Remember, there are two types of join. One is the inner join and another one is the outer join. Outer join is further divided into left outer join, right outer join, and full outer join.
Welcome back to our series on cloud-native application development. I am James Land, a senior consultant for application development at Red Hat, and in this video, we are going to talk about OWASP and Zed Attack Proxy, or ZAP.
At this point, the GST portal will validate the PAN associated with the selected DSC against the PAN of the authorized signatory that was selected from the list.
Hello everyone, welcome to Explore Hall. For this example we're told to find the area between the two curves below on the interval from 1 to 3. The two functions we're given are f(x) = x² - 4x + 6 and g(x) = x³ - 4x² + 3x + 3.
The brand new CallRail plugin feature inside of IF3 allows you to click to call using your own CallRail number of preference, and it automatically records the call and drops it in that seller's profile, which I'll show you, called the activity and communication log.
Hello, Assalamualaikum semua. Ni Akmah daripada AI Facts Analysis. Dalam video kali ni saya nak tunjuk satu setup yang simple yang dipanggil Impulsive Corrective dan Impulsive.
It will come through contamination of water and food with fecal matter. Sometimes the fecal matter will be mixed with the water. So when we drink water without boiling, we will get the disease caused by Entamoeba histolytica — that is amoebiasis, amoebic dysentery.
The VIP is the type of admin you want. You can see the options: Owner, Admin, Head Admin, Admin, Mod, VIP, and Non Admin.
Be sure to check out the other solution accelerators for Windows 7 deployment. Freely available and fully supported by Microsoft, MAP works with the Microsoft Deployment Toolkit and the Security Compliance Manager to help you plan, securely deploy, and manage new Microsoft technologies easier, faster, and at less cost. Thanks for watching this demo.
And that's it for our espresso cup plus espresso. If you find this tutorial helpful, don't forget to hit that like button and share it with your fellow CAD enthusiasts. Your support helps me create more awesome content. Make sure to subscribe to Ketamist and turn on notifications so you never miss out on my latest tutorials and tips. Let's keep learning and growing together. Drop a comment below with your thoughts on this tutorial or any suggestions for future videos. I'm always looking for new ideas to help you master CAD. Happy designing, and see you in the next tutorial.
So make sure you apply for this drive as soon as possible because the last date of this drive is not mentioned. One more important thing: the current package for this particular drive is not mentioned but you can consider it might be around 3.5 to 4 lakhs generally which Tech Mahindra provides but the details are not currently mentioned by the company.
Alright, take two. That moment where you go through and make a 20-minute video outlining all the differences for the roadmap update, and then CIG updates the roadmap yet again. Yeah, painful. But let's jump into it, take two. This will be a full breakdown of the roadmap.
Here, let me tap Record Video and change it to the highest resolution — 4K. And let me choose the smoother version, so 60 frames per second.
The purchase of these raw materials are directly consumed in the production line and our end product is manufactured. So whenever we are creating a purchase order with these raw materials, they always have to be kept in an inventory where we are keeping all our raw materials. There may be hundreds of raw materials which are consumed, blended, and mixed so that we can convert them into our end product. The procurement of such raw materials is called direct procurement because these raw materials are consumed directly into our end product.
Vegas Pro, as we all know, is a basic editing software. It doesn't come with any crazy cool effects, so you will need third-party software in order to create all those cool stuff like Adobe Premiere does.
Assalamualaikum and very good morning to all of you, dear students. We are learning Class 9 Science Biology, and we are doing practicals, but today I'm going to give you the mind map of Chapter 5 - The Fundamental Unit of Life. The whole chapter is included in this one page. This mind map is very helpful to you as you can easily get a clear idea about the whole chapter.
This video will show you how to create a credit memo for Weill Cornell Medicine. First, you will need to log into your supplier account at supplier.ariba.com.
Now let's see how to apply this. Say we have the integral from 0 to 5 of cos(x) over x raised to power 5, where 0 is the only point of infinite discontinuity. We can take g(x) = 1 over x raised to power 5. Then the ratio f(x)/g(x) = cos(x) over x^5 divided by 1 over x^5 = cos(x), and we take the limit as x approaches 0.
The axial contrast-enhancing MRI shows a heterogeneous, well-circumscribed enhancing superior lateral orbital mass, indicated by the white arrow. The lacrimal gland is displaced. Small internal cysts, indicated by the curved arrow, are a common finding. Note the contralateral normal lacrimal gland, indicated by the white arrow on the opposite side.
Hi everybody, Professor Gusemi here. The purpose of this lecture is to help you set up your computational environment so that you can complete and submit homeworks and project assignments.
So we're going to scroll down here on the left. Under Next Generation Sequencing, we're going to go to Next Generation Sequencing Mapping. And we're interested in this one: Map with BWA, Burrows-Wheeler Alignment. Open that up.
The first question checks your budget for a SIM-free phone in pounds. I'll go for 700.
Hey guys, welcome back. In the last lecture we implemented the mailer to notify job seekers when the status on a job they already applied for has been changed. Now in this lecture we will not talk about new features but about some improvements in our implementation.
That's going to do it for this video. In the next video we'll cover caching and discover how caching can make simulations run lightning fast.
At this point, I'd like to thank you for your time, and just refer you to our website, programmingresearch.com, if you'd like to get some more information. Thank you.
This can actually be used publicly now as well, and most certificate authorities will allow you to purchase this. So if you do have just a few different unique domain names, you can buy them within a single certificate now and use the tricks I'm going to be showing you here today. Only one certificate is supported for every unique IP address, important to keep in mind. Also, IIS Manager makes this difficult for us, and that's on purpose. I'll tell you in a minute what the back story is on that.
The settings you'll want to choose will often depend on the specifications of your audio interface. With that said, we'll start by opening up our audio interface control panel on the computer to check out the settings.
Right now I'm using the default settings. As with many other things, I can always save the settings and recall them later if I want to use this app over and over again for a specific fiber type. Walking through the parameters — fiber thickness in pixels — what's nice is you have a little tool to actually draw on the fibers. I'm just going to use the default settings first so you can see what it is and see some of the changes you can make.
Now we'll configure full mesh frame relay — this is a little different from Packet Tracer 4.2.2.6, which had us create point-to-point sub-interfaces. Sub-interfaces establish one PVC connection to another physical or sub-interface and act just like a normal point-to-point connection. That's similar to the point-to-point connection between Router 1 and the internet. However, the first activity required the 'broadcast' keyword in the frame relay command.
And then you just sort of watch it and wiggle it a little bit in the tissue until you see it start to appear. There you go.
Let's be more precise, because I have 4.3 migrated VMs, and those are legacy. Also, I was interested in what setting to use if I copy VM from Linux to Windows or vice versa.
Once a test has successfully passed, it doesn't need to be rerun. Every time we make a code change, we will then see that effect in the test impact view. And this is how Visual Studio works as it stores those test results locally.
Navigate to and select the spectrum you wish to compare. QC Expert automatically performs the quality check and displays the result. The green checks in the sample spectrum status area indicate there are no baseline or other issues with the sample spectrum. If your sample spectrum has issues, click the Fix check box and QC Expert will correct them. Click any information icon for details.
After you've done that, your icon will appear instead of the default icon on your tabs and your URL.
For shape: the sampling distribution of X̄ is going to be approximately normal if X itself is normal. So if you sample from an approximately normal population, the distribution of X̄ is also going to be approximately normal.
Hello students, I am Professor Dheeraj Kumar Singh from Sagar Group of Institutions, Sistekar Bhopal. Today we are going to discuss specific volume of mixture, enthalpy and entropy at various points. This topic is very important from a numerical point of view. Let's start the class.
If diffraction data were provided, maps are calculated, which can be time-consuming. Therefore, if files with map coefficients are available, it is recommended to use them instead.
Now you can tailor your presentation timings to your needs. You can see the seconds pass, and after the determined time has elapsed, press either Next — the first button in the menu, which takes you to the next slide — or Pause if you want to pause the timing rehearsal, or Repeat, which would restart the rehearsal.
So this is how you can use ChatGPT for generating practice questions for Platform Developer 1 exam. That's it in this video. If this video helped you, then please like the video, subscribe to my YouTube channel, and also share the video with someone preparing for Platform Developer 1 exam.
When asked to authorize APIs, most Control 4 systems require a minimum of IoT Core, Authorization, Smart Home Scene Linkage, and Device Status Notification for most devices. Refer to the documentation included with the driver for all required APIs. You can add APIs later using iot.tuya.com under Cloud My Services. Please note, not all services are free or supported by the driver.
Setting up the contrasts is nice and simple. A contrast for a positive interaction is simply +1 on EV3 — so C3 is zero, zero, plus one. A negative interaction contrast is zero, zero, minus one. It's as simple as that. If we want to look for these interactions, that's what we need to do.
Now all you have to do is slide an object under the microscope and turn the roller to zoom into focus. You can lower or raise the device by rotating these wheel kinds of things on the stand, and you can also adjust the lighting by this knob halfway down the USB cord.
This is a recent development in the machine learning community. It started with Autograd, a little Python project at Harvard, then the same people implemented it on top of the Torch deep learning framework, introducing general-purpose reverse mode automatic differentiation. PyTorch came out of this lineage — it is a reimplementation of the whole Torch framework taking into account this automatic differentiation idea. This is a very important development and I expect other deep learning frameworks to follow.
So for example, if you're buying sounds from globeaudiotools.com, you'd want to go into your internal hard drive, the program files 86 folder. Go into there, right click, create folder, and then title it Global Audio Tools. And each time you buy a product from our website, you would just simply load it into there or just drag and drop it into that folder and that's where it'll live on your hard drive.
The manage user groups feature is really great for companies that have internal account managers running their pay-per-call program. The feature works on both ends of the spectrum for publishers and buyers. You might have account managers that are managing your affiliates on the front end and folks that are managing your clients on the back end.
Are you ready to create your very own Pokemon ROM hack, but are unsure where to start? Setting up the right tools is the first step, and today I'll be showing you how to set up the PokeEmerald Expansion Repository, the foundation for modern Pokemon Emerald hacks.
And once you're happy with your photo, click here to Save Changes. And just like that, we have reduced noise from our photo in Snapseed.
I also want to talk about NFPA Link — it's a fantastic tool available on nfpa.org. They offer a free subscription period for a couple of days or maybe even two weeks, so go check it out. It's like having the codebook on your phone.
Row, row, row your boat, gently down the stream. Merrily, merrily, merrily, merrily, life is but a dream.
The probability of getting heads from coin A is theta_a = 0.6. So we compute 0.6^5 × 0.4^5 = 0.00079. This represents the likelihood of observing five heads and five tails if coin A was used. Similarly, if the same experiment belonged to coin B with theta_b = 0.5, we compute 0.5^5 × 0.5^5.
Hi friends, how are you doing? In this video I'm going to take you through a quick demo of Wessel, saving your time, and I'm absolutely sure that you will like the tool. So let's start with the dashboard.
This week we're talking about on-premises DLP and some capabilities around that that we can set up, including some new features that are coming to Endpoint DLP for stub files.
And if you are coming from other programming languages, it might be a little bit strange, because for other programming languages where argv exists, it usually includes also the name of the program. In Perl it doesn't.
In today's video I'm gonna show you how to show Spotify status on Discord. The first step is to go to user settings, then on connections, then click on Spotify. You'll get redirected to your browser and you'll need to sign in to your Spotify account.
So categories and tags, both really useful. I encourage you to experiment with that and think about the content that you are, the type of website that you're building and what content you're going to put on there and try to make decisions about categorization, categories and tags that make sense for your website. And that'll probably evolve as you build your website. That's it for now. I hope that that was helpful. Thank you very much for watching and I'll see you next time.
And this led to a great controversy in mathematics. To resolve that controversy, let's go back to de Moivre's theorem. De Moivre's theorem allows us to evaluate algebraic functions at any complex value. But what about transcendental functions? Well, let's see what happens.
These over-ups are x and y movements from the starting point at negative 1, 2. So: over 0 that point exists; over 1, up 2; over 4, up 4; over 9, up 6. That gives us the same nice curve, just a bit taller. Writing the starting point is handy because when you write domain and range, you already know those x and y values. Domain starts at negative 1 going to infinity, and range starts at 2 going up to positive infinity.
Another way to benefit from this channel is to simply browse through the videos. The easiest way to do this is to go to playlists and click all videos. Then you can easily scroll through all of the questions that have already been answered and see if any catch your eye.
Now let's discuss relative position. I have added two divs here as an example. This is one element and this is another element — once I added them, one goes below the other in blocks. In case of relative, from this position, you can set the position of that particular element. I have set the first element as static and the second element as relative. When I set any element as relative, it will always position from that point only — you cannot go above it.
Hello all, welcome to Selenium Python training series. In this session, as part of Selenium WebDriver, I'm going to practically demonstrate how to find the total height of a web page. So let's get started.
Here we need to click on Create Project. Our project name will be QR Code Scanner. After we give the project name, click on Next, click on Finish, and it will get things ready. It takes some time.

- - - - -

> **The task**
Take the listing above and repeat exactly the lines from the one containing "Now we'll configure" through the one containing "For shape: the", both included.

> **Reply to the exercise**
Now we'll configure full mesh frame relay — this is a little different from Packet Tracer 4.2.2.6, which had us create point-to-point sub-interfaces. Sub-interfaces establish one PVC connection to another physical or sub-interface and act just like a normal point-to-point connection. That's similar to the point-to-point connection between Router 1 and the internet. However, the first activity required the 'broadcast' keyword in the frame relay command.
And then you just sort of watch it and wiggle it a little bit in the tissue until you see it start to appear. There you go.
Let's be more precise, because I have 4.3 migrated VMs, and those are legacy. Also, I was interested in what setting to use if I copy VM from Linux to Windows or vice versa.
Once a test has successfully passed, it doesn't need to be rerun. Every time we make a code change, we will then see that effect in the test impact view. And this is how Visual Studio works as it stores those test results locally.
Navigate to and select the spectrum you wish to compare. QC Expert automatically performs the quality check and displays the result. The green checks in the sample spectrum status area indicate there are no baseline or other issues with the sample spectrum. If your sample spectrum has issues, click the Fix check box and QC Expert will correct them. Click any information icon for details.
After you've done that, your icon will appear instead of the default icon on your tabs and your URL.
For shape: the sampling distribution of X̄ is going to be approximately normal if X itself is normal. So if you sample from an approximately normal population, the distribution of X̄ is also going to be approximately normal.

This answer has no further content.